Dear Executive, how do you manage your Appreciative System?

Dear Executive,

how do you manage your Appreciative System?

When you opened your inbox this morning, what grabbed you first, the legal risk memo or the management accounts? Sir Geoffrey Vickers shines a light: That instinct wasn’t random; it came from your appreciative system, that silent personal algorithm that decides what counts as signal, what gets blurred, and what fires action.

When last did you inspect its code e.g., what information did you let go in the last million-rand conversation, what did you park as ‘noise’ and why did it feel irrelevant at the time? Or, if you replay yesterday’s meeting, can you spot the moment “fair” or “strategic” slipped through unchallenged? Which trigger phrase, “speed to market,” “people first,” “ESG”, flips you from analysis to autopilot?

Make the effort and check yourself: record your next big decision on voice-note. Twenty-four hours later, highlight the numbers you ignored and the values you assumed. That gap is your system showing its hand. Do this for any important strategic decision you may want to take.
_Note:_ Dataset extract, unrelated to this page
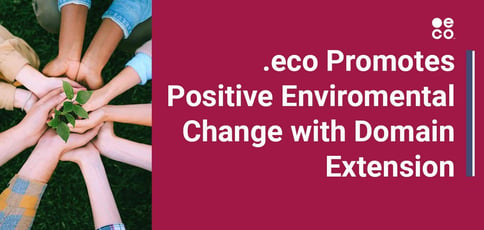 Eco Promotes Positive Environmental Change With Domain Extension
Now go one step further: pivot your lens and judge the same issue one year out instead of this quarter. Which facts rise, which sink? Know this: strategy rides on those shifts.

We cannot escape our appreciative system, but running an unexamined appreciative system is risky. It is like budgeting in invisible ink, it looks fine until the audit light hits.

Dear Executive, do you know what the builder means when she shouts “Bricks”?

Dear Executive,

do you know what the builder means when she shouts “Bricks”?

On a construction site a mason calls out ‘bricks. There are no adjectives, no verbs, and yet everyone moves. Pallets slide, trowels rise. One noun has issued an order, set a priority, pushed the work forward. Bricks arrive. Wittgenstein, the language philosopher, would call that a language game: meaning of the word, lives in the action, not the dictionary.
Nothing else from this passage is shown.